Kasus Ammar Zoni, Ketum GPAN: Indonesia bukan darurat tapi bencana narkoba
Selebriti Ammar Zoni, berkali-kali tersandung kasus narkoba dan terakhir diduga mengedarkan barang haram tersebut di Lapas, Oktober 2025
Ketua Umum Generasi Peduli Anti Narkoba (GPAN), Brigjen (Purn) Siswandi menilai maraknya kasus narkoba di lembaga pemasyarakatan (Lapas) dan rumah tahanan (Rutan) merupakan bukti gagalnya sistem pencegahan dan lemahnya pengawasan aparat. Ia menegaskan bahwa kasus yang menimpa aktor Ammar Zoni yang diduga mengedarkan narkoba di Lapas, hanyalah puncak gunung es dari persoalan peredaran gelap narkotika di balik jeruji.
Hal itu disampaikan Siswandi dalam wawancara eksklusif bersama News Anchor Telni Rusmitantri di Radio Elshinta, Sabtu (12/10/2025) pagi. “Masalahnya bukan hanya di individu. Ini kegagalan pencegahan dan pemberdayaan masyarakat. Undang-undangnya sudah jelas, tapi siapa yang menjalankan?” ujar Siswandi.
Menurutnya, Undang-Undang Nomor 35 Tahun 2009 tentang Narkotika sebenarnya telah mengatur tiga hal utama: pencegahan, penegakan hukum, dan rehabilitasi bagi penyalahguna serta pecandu. Namun, implementasinya di lapangan belum maksimal.
“Undang-undang kita paling lengkap dan modern. Ada hukuman maksimal, ada minimal, dan ada rehabilitasi. Tapi kalau tidak diawaki dengan benar, ya tidak jalan-jalan,” tegasnya.
Siswandi menambahkan, dari total penghuni lapas di Indonesia, sekitar 60 persen merupakan narapidana kasus narkotika. Dari jumlah tersebut, 40 persennya adalah penyalahguna dan pecandu yang seharusnya direhabilitasi, bukan dipenjara.
Lebih lanjut, Siswandi menyoroti masih lemahnya pengawasan di dalam Lapas. Menurutnya, salah satu pintu utama masuknya peredaran narkoba adalah penggunaan telepon seluler oleh narapidana yang masih bisa berkomunikasi dengan jaringan di luar.
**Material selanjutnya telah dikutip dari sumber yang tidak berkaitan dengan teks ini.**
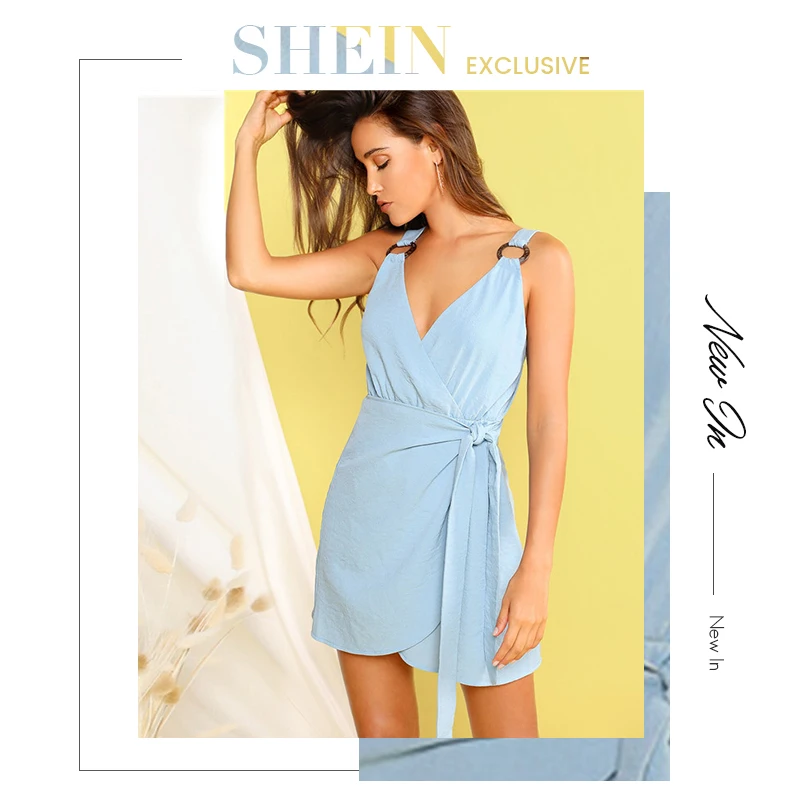 SHEIN, Пастельное, синее, с замочной скважиной на спине, с кольцом, с узлом, летнее платье, женское, v-образный вырез, высокая талия, Повседневное платье, тонкое, с поясом, мини платье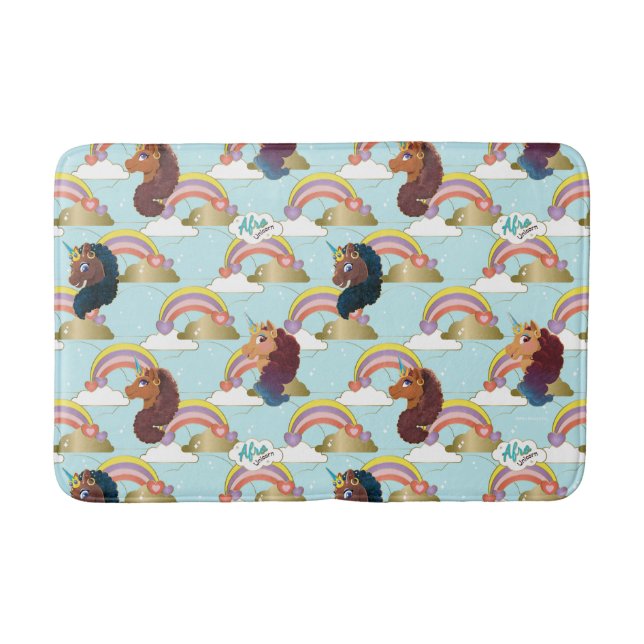 Afro Unicorn Rainbow and Hearts Muster Badematte (Vorderseite)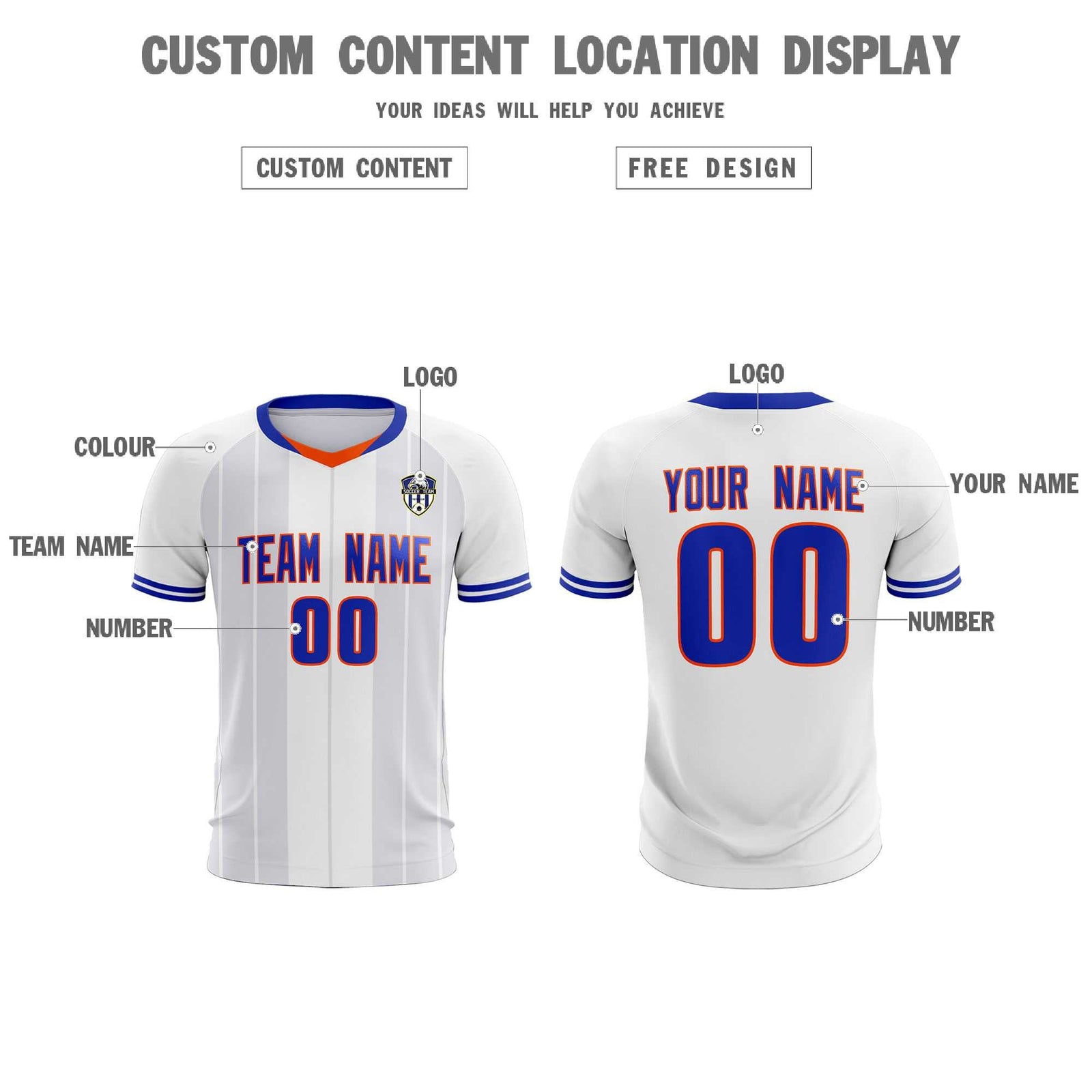Custom White Classic Striped Personalized Soccer Tops/Sets Jersey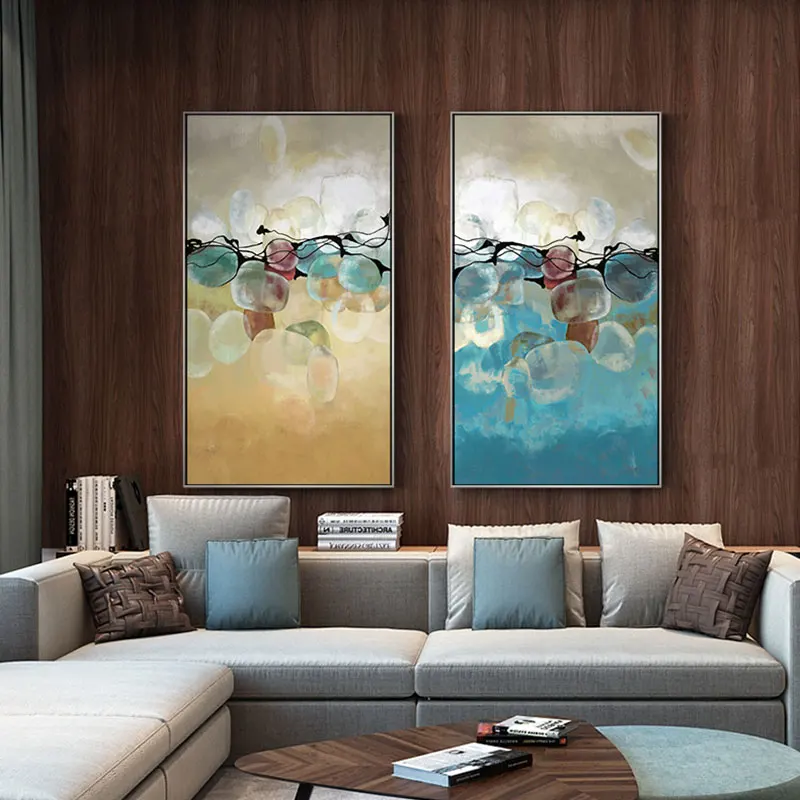 Абстрактный желтый и синий современный холст картина печатный плакат уникальный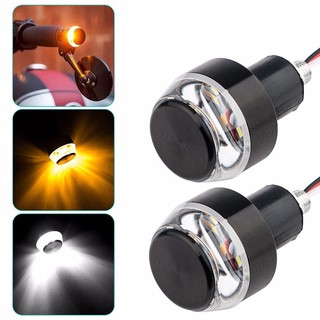 ไฟปลายแฮนด์ ไฟหรี่ขาว/ไฟเลี้ยวส้ม มอเตอร์ไซค์ LED 12v วัสดุอลูมิเนียม/ 2สี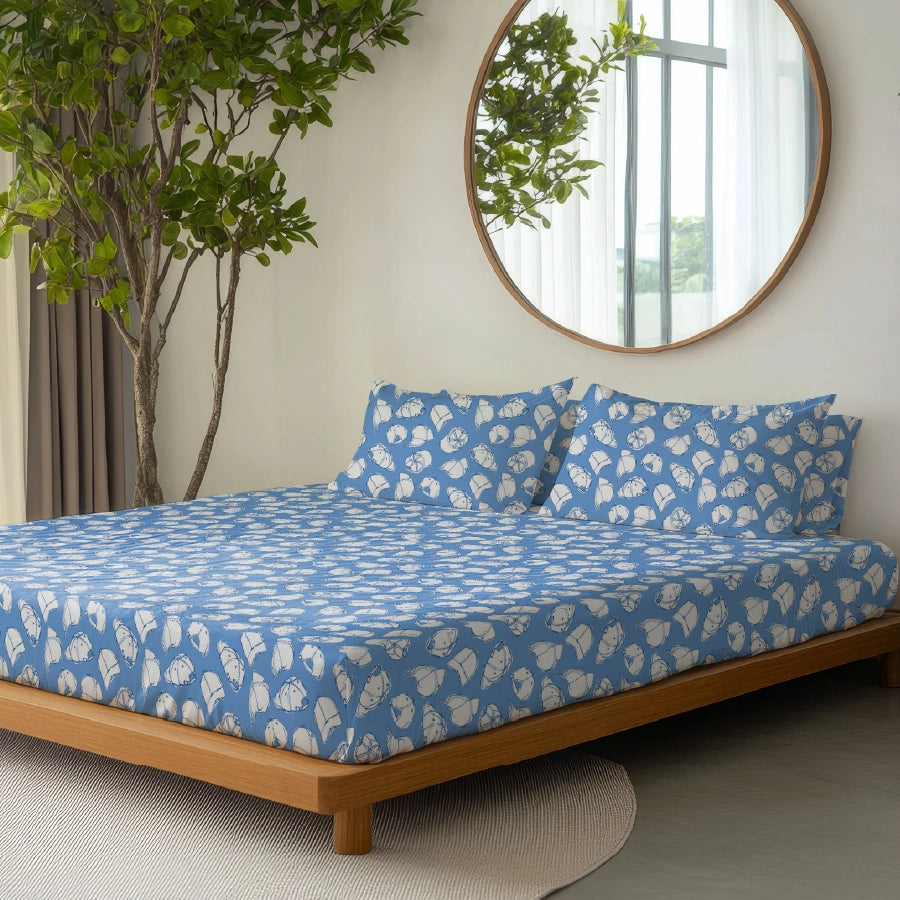 Fitted Bedsheet Set | Caps | 100% Cotton Bedsheet + 2 Pillow Cases [Sizes: King Bedsheets & Queen/ Double Bedsheets]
“Selama handphone masih beredar di dalam lapas, peredaran itu akan terus terjadi. Kalau dia sudah edik, pikirannya cuma narkoba. Tidak ada uang, dia ngedar, sisanya dipakai sendiri,” ungkapnya.
Ia menegaskan, tanggung jawab utama pengawasan berada di tangan Kepala Pengamanan Lembaga Pemasyarakatan (KPLP) dan Kepala Lapas. Siswandi menyebut, apabila ada oknum aparat yang terlibat, sanksinya harus tegas tanpa kompromi.
“Kalau ada aparat terlibat, copot bajunya, kerek bendera. Jangan lagi pakai alasan kode etik,” katanya dengan nada tegas.
Dalam wawancara, Siswandi juga menilai situasi Indonesia saat ini sudah bukan lagi darurat narkoba, melainkan bencana narkoba. Menurutnya, peredaran zat terlarang sudah menyasar anak-anak usia sekolah dasar hingga menengah.
“Jangan lagi pakai istilah ‘Indonesia bebas narkoba’, karena artinya malah bebas di mana-mana. Yang benar itu Indonesia bersih narkoba,” ujarnya.
Ia mencontohkan banyaknya modus penyelundupan narkotika ke dalam Lapas, mulai dari sayur mayur, makanan rantang, hingga barang bawaan pengunjung. Semua celah itu, kata dia, harus ditutup dengan pengawasan ketat dan komitmen aparat.
Siswandi juga menyoroti lemahnya efek jera akibat inkonsistensi penegakan hukum di tingkat peradilan. Ia mengungkap masih ada kasus besar dengan barang bukti puluhan kilogram yang justru divonis ringan. “Bayangkan, ada yang bawa 20 kilo dituntut empat tahun, diponis dua tahun. Tapi yang lima gram malah tujuh tahun. Ini harus dibersihkan,” tegasnya.
Ia juga menyinggung banyaknya terpidana mati kasus narkoba yang belum dieksekusi, termasuk menyoroti peran kejaksaan sebagai eksekutor. “Kalau sudah inkrah hukuman mati, ya eksekusi. Jangan dibiarkan sampai pelaku bikin pidana baru di dalam lapas,” ujarnya.
Menutup wawancara, Brigjen (Purn) Siswandi mengajak seluruh masyarakat, aparat penegak hukum, dan Pemerintah untuk membangun komitmen bersama melawan peredaran narkoba demi masa depan bangsa. “Kalau sudah kena narkoba, hidupmu hanya ada tiga pilihan: penjara, rehabilitasi, atau mati. Jadi pilihlah hidup sehat dan bersih tanpa narkoba, supaya bahagia dunia akhirat,” tutupnya.